§ ABOUT THIS TASK: Would you give the data below back exactly as it reads?

§ DATASET EXCERPT:
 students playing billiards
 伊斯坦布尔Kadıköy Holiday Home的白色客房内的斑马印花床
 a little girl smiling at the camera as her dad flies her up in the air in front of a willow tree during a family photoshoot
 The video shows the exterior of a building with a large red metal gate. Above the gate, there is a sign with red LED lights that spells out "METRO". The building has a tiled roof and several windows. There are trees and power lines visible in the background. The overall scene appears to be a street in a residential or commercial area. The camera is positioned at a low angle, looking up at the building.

§ RESPONSE TO THE EXERCISE:
 students playing billiards
 伊斯坦布尔Kadıköy Holiday Home的白色客房内的斑马印花床
 a little girl smiling at the camera as her dad flies her up in the air in front of a willow tree during a family photoshoot
 The video shows the exterior of a building with a large red metal gate. Above the gate, there is a sign with red LED lights that spells out "METRO". The building has a tiled roof and several windows. There are trees and power lines visible in the background. The overall scene appears to be a street in a residential or commercial area. The camera is positioned at a low angle, looking up at the building.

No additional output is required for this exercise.